Contrarian Corpus
activist conference presentation follow up
2013-05-08 · 45 pages

Procter & Gamble PG

N 4 Narrative
V 3 Visual
C 2 Craft
Original source ↗

The three reasons

  1. 1

    P&G earns $4 EPS today but should earn $6 by FY2016 at 24% EBIT margin

  2. 2

    Organic growth of 3% lags every major peer (Unilever 7%, Colgate 6%) despite better category mix

  3. 3

    Stock at $78 is worth $125 in two years — a 26% compound annual return

Primary demands

  • Hold current CEO Bob McDonald accountable for sustained peer underperformance
  • Replace CEO with internal or external candidate if turnaround does not materialize in next 2-3 quarters
  • Raise cost-savings and COGS productivity targets above the February 2012 $10bn plan
  • Separate Chairman and CEO roles
  • Improve organizational design and execution discipline
  • Continue aggressive share repurchases

KPIs cited

Current EPS
~$4/share FY2013 vs. $6/share Pershing View by FY2016
EBIT margin
18.8% FY2012 vs. 24.0% Pershing View (matches Colgate)
Gross margin
49.6% FY2012 vs. 51.5% Pershing View; category-level analysis implies 52-54%
Core SG&A ratio (ex-advertising)
14.4% current vs. 11% Pershing View given scale advantage
Organic revenue growth
3% P&G vs. peer range 4-7% (Unilever 7%, Colgate 6%, L'Oreal 6%)
Annual COGS productivity
<3% P&G plan vs. 4% CPG peer average (Colgate 4.3%, Unilever 4.1%, Kraft 4.2%)
Emerging markets sales mix
40% — behind Unilever 55% and Colgate 50%
Revenue base
$84bn vs. peer benchmark $20bn — 4x scale advantage underutilized
P/E multiple
18.8x CY2013 vs. 21.1x peer average despite biggest cost opportunity
Target price
$125 = $6 EPS × 20x P/E + $5 dividends over two years

Pattern membership

Where this document fits across the library's 12 rhetorical / structural patterns.

Notable slides (8)

Notes

Ira Sohn Conference presentation titled 'A Rising Tide is a Good Gamble.' Follow-up, not initial thesis — Pershing Square's PG position became public in July 2012, and this May 2013 deck is a mid-campaign pressure update arguing the turnaround is lagging and setting a 2-3 quarter ultimatum for CEO Bob McDonald.
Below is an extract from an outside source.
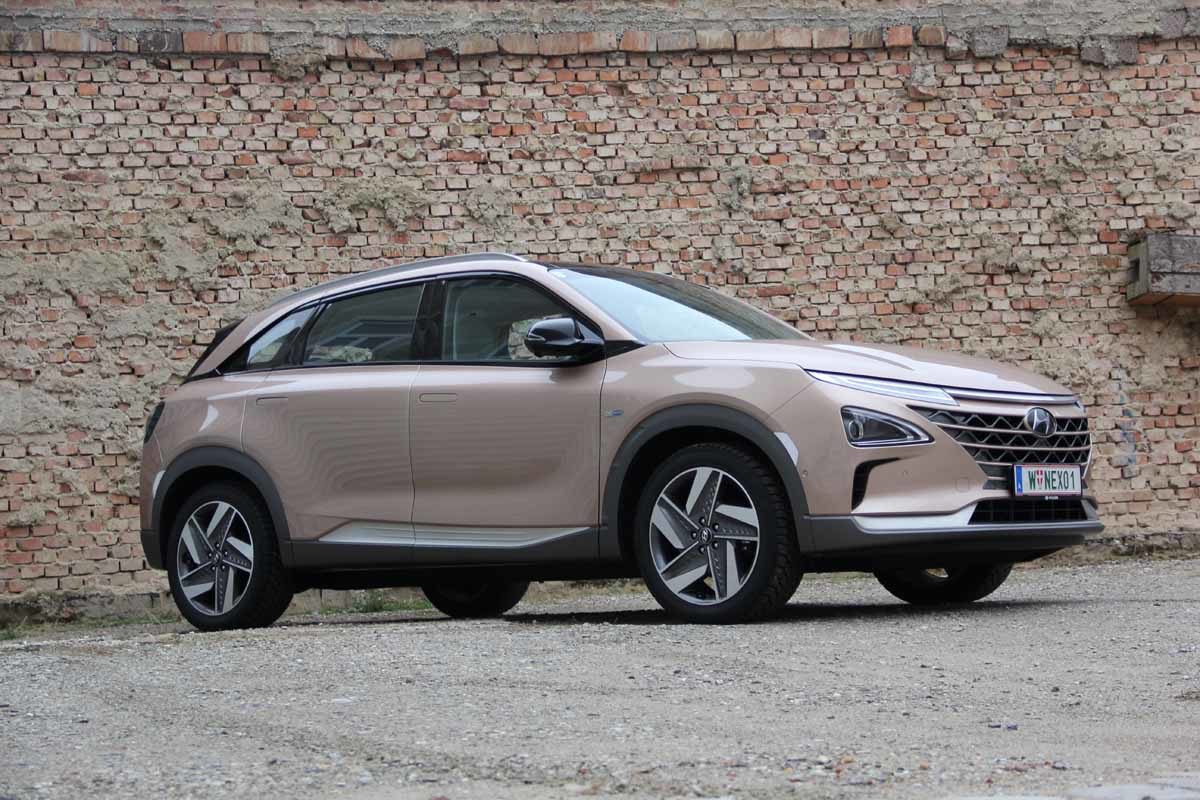 Fahren und Tanken mit dem Hyundai Nexo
Rhetoric leans analytical but is pointed: slide 33 lists 21 outside organizations McDonald belongs to (~50 days/year), and slides 23 & 28 weaponize former CEO A.G. Lafley's own past statements (52% gross margin target; 24% EBIT margin post-Gillette) to argue management has walked away from stated goals. Core SCQA structure: great business under-earning, management taking steps but not enough, $125 target = 60% upside. No sum-of-parts breakup; thesis is operational/margin-expansion with implicit management change. Visually functional PowerPoint, not Ackman's Canadian Pacific tier. Bob McDonald was in fact replaced by Lafley later in May 2013 — campaign effectively won on the accountability front.